The largest transformation in Mario’s history came with the shift from 2D to 3D in Super Mario 64. He handled the transition well, but the platforming plumber was never the same. From that point on, Mario’s console releases started to take on a form of their own, with new mechanics and nuances exclusive to the 3D iterations. With Super Mario 3D Land, it seems like Nintendo is trying to make a 3D Mario game that feels more akin to the earlier 2D games in the series, bringing back what was lost when Mario leapt out of the second dimension. We recently had the opportunity to clear World 1, and you might be surprised by how “classic” Mario’s newest adventure feels.
Above: The long question blocks are like the regular question blocks except they're... longer
It’s not because of the controls, and it’s not even really because of the presentation. Mario looks and feels a lot like he has in the past 3D games, with most of his movement involving either jumping or jumping, spinning around and landing hard. The only new trick up his red sleeve was the ability to roll, letting him tumble through hard-to-reach spaces and smash blocks that he otherwise would need a shell to destroy. It’s not an offensive attack – more of a slow, leisurely tumble that allows for more navigational options.

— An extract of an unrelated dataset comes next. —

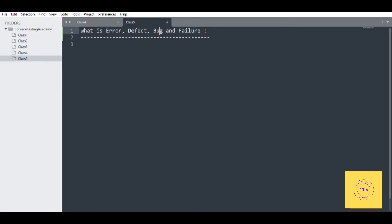First of all, we are going to talk about errors. In software testing, it is called error. Error means that if we forgot something or made a mistake in the code, we call it an error.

No, the way 3D Land manages to grab the classic feel is with its level design. There’s no hub world, and no over-world to explore. When we beat a level we pressed right on the d-pad, watched Mario walk a few feet, and then hit A to jump in. And once we jumped in, the levels themselves offered throwbacks to different eras in Mario’s career. First up was World 1-2, which was most traditional, playing like a classic side-scroller (though we were able to move back and forth in the environment to dodge obstacles). It still controlled like a typical 3D level, but 3D Land’s 3D-ness was kept in check, maintaining experience more reminiscent of Super Mario Bros. 3 than anything else. But when the third dimension did come into play with moderation, 3D land used it well. New enemies and obstacles still came into our path – like a black piranha plant that took advantage of the camera angle by breaking the fourth wall and shooting ink that stuck to screen – making the familiar feel fresh.
Above: Good news! You don't need to blow into the microphone to get the ink off your screen
The next level couldn’t have been more different. It started Mario off near binoculars, which utilized the 3DS’s gyroscope to look around. Here, we were given a look at the level ahead, filled with large drops and multiple paths. We also saw a Toad, who tossed a collectible coin into the middle of the level. Once we stepped back and started traversing the level we got our first Super Leaf, transforming Mario into Raccoon Mario. The return of this fan favorite has been wildly publicized, but what surprised us most, was how useful it was, again, thanks to the level design.